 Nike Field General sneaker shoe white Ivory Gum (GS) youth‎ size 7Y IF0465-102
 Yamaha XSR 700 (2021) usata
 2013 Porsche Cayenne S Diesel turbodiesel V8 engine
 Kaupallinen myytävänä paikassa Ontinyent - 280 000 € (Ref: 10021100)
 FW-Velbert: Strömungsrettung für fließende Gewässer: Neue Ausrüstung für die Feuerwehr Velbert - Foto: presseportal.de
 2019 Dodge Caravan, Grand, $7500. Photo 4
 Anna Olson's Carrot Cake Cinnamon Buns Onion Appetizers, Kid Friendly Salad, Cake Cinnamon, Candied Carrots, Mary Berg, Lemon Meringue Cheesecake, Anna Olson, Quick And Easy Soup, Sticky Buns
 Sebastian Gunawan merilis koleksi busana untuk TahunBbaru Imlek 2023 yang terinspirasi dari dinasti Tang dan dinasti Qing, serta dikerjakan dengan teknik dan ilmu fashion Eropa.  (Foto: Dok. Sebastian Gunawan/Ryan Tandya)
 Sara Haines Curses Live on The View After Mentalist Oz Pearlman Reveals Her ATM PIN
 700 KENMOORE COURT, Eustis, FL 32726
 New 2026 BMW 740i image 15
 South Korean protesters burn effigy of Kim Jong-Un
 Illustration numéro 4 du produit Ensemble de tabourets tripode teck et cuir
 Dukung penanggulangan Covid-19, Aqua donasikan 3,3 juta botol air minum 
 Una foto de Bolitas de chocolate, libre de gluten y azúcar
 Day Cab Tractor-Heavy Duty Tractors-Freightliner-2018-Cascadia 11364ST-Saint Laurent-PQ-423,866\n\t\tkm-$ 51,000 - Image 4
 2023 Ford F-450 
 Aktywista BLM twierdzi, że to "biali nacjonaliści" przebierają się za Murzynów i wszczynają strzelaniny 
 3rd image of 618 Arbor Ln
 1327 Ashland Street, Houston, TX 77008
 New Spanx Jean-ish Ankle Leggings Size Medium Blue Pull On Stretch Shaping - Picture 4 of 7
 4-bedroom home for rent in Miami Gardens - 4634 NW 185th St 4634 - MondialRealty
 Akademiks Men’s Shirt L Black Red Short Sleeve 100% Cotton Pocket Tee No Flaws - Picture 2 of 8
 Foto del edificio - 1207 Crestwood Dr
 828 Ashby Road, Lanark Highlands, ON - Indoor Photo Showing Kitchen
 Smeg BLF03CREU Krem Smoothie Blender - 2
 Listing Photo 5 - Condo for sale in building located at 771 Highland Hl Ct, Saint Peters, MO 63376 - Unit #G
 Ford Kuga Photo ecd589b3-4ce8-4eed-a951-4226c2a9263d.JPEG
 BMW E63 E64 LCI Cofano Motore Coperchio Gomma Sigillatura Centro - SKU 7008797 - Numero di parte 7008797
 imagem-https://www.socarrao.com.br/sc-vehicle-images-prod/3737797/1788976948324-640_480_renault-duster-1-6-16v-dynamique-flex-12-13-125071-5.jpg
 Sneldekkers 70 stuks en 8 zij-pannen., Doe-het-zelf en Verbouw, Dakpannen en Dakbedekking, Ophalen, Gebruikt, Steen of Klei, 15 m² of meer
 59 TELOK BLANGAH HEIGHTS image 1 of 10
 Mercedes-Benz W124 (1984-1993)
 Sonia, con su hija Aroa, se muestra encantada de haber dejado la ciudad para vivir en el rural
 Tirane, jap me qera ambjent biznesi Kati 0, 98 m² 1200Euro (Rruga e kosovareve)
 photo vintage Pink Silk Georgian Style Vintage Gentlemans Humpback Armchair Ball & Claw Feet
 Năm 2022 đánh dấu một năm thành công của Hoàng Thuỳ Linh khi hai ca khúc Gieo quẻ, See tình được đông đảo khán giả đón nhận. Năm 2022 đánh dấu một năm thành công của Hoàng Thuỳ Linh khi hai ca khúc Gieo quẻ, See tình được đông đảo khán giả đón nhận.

········

(About this task) Please make an exact copy of the lines above from the line with "FW-Velbert: Strömungsrettung für" through the line with "New 2026 BMW 740i image 15", both ends included.

(Solution)
 FW-Velbert: Strömungsrettung für fließende Gewässer: Neue Ausrüstung für die Feuerwehr Velbert - Foto: presseportal.de
 2019 Dodge Caravan, Grand, $7500. Photo 4
 Anna Olson's Carrot Cake Cinnamon Buns Onion Appetizers, Kid Friendly Salad, Cake Cinnamon, Candied Carrots, Mary Berg, Lemon Meringue Cheesecake, Anna Olson, Quick And Easy Soup, Sticky Buns
 Sebastian Gunawan merilis koleksi busana untuk TahunBbaru Imlek 2023 yang terinspirasi dari dinasti Tang dan dinasti Qing, serta dikerjakan dengan teknik dan ilmu fashion Eropa.  (Foto: Dok. Sebastian Gunawan/Ryan Tandya)
 Sara Haines Curses Live on The View After Mentalist Oz Pearlman Reveals Her ATM PIN
 700 KENMOORE COURT, Eustis, FL 32726
 New 2026 BMW 740i image 15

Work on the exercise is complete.